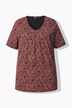 T-shirt dal taglio svasato con pieghe decorative, scollo a V e mezze maniche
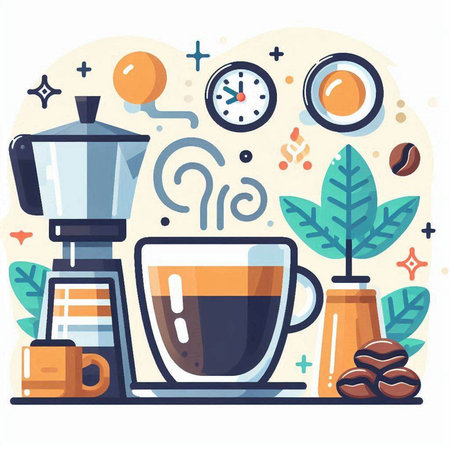 Coffee time flat vector illustration. Coffee time concept. Coffee break.のイラスト素材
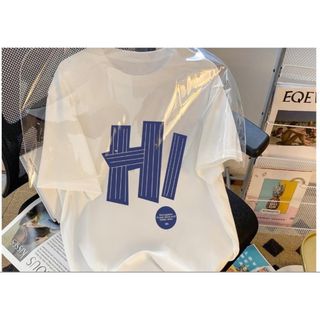 ★セール中★プリント　丸襟　プルオーバー　半袖Ｔシャツ　着痩せ　Ｌ(Tシャツ(半袖/袖なし))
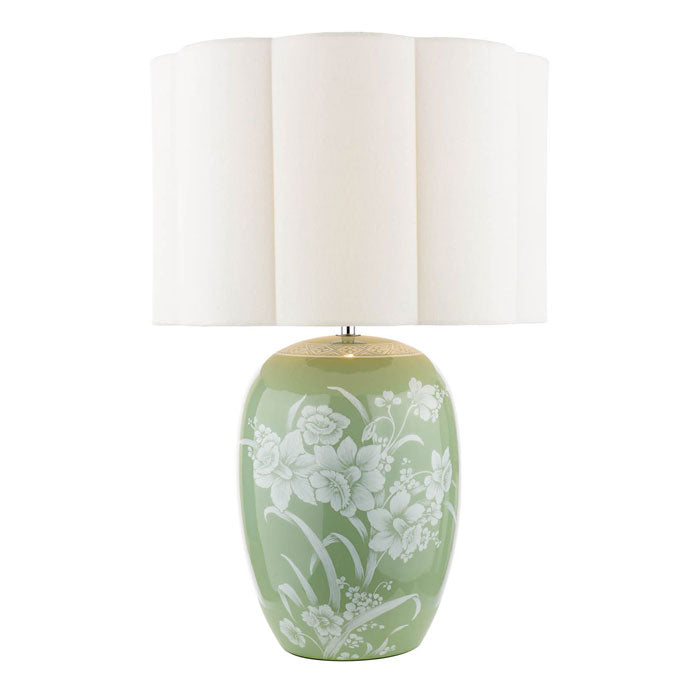 Laura Ashley Pashley Table Lamp Green Ceramic & Polished Chrome with Shade LA3756734-Q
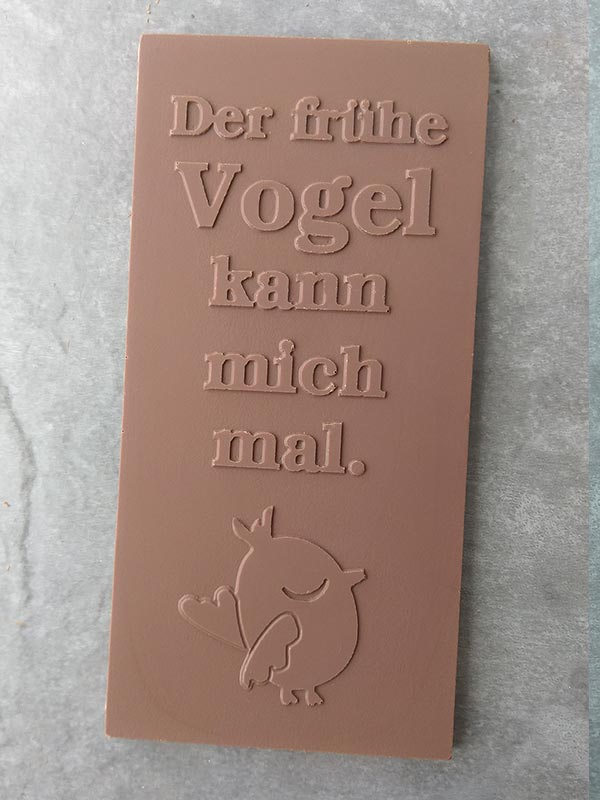 Chocolate tablet Frühe Vogel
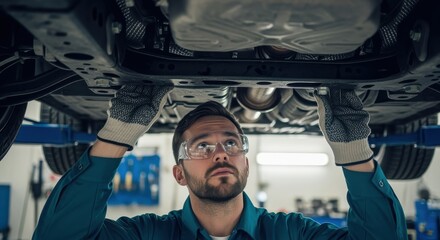 Mechanic inspecting car chassis wearing protective eyewear and gloves in auto repair shop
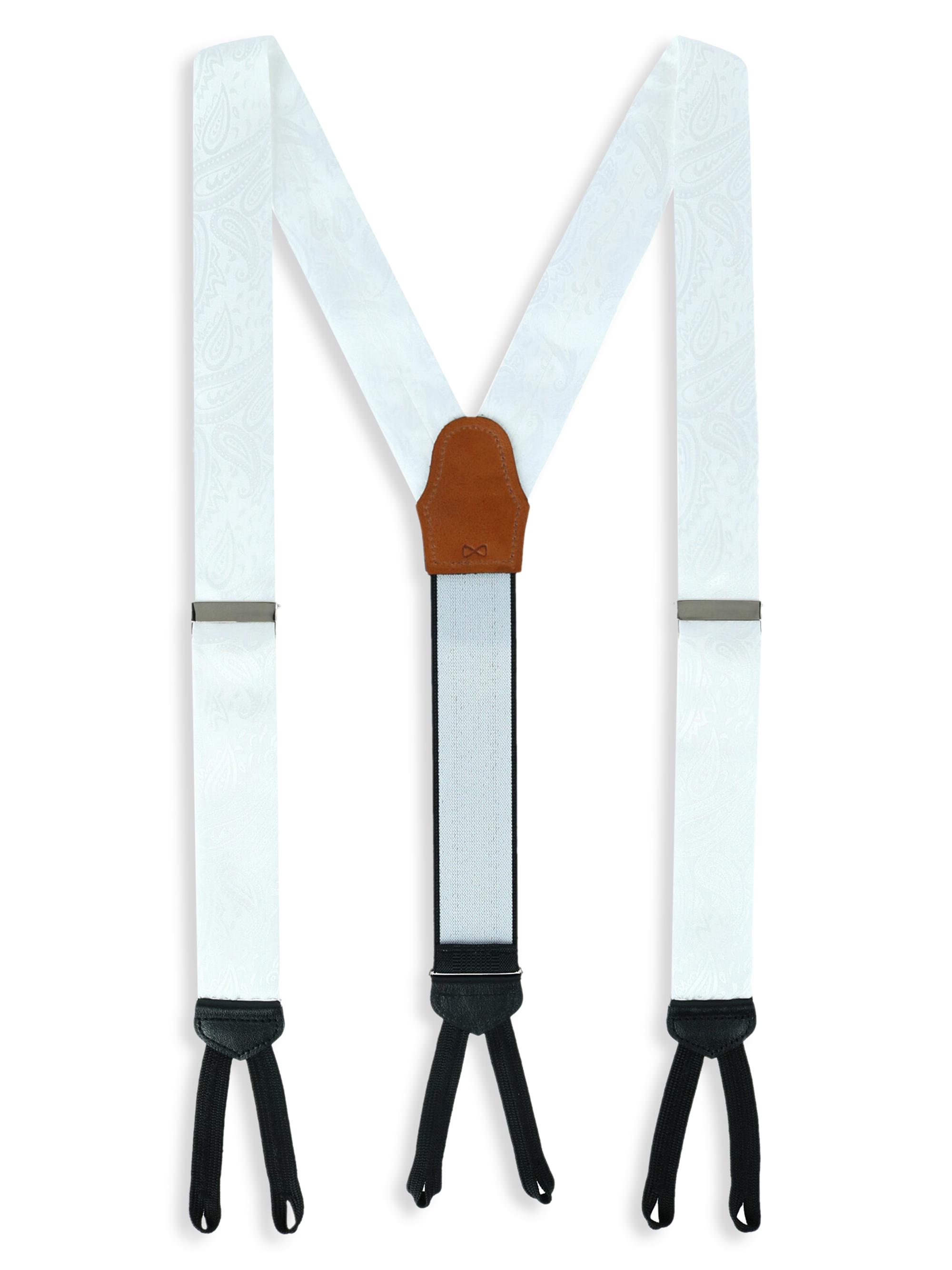 Trafalgar Men's Banbury Paisley Silk Suspenders - White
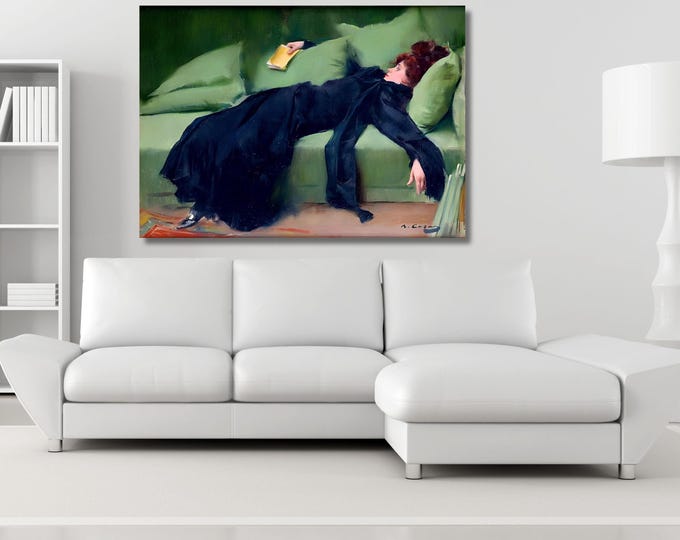 Ramon Casas "Decadent Girl" Canvas Wall Art, Giclee Print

------------------------------

* _Directions_
Everything from the line containing "Mechanic inspecting car" through the last line of the listing above must be output exactly, except the pictures.

* _Answer space_
 Mechanic inspecting car chassis wearing protective eyewear and gloves in auto repair shop
 Trafalgar Men's Banbury Paisley Silk Suspenders - White
 Ramon Casas "Decadent Girl" Canvas Wall Art, Giclee Print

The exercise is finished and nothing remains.